* **Task brief**
Once the line containing "Foto de Fenómenos" appears, output it and each remaining line of the records below exactly, with no pictures and nothing more.

___

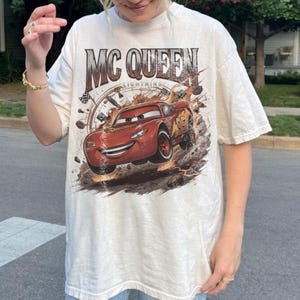 May include: An off-white short-sleeve t-shirt featuring a large graphic print of the red race car Lightning McQueen. The text MC QUEEN LIGHTNING is printed above the car, which is surrounded by racing-themed elements like tyres and flags.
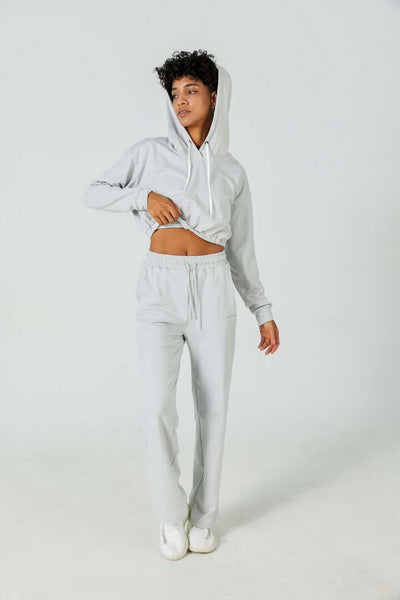 Person wearing CloudFleece™ Wide Leg Sweatpant in light flecked grey with adjustable waistband and deep side pockets for casual comfort.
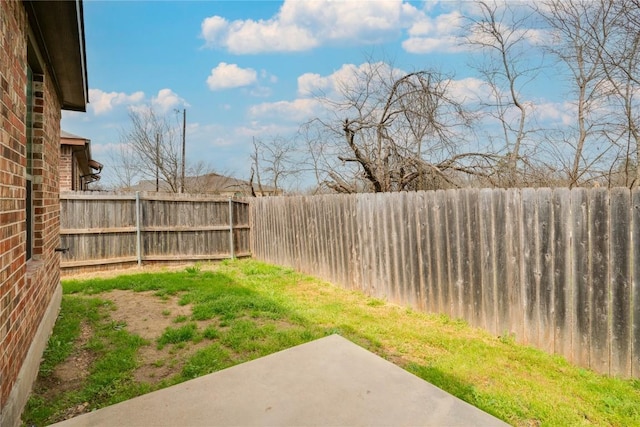 113-119 Creekside Villa Dr, Kyle, TX 78640 - fenced backyard featuring a patio area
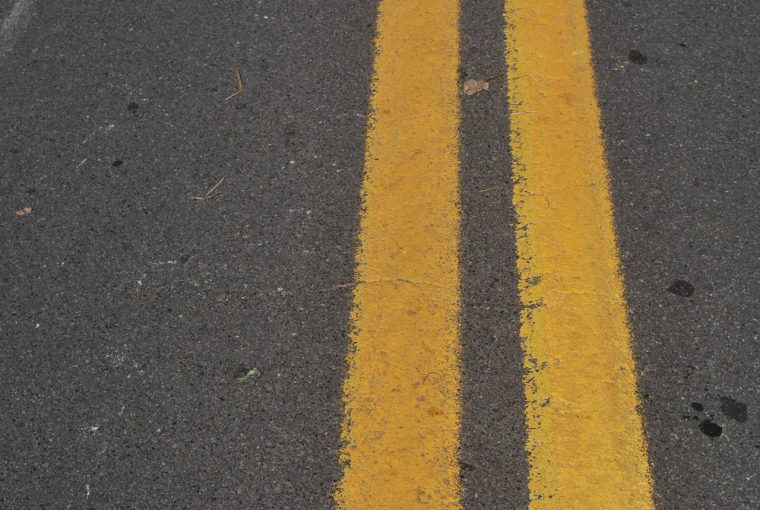 diagonal-lines-on-the-pavement-warn-drivers-of-perkiller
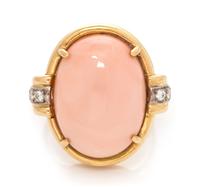 An 18 Karat Bicolor Gold, Angel Skin Coral and Diamond Ring, 7.80 dwts.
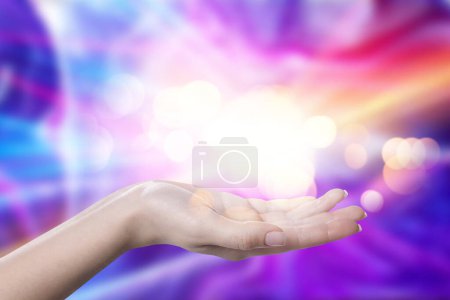 Foto de Fenómenos Aura. Mujer con luces de energía saliendo de su mano contra el fondo de color, primer plano - Imagen libre de derechos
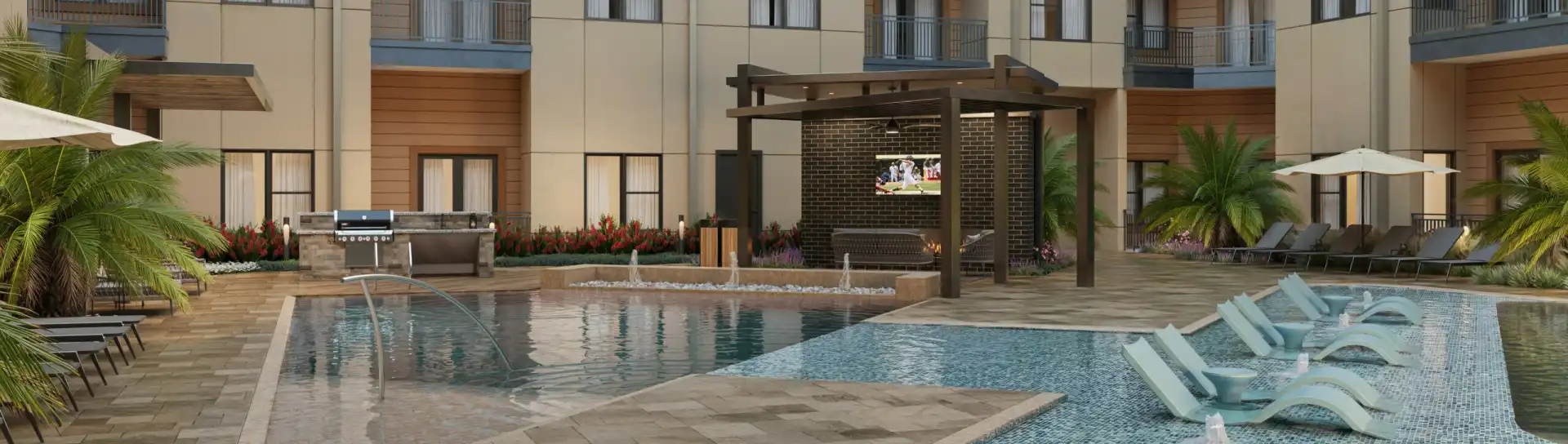 swimming pool with water features, large shallow sun deck with lounge chairs. In the background there is covered lounge seating with a TV next to a built-in gas grill area.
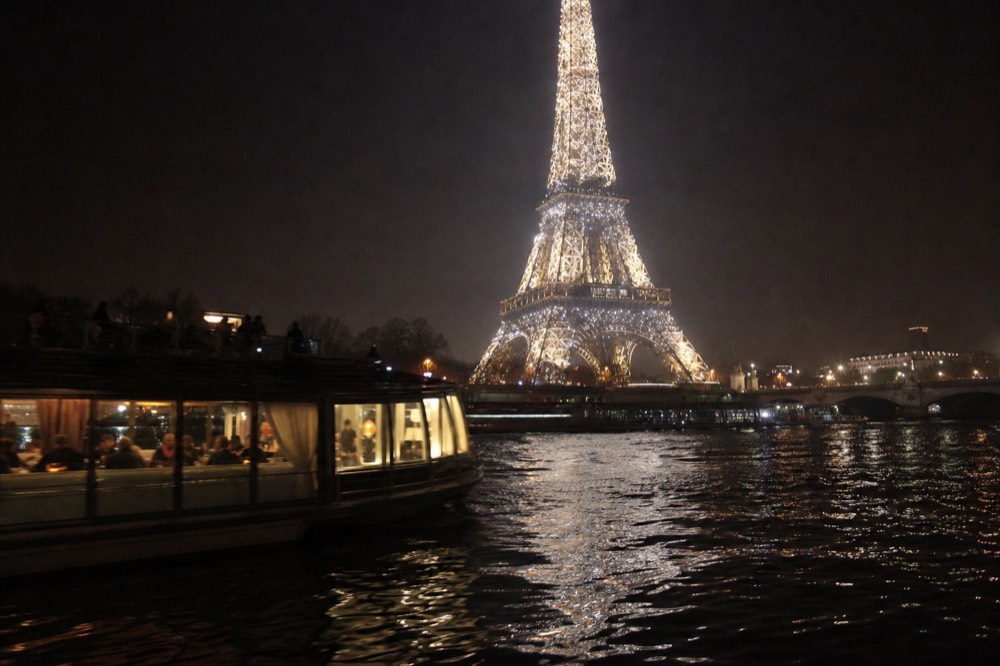 Evening dinner cruise passing the sparkling Eiffel Tower on the Seine, no text, no logos, no people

___

* **Your response**
 Foto de Fenómenos Aura. Mujer con luces de energía saliendo de su mano contra el fondo de color, primer plano - Imagen libre de derechos
 swimming pool with water features, large shallow sun deck with lounge chairs. In the background there is covered lounge seating with a TV next to a built-in gas grill area.
 Evening dinner cruise passing the sparkling Eiffel Tower on the Seine, no text, no logos, no people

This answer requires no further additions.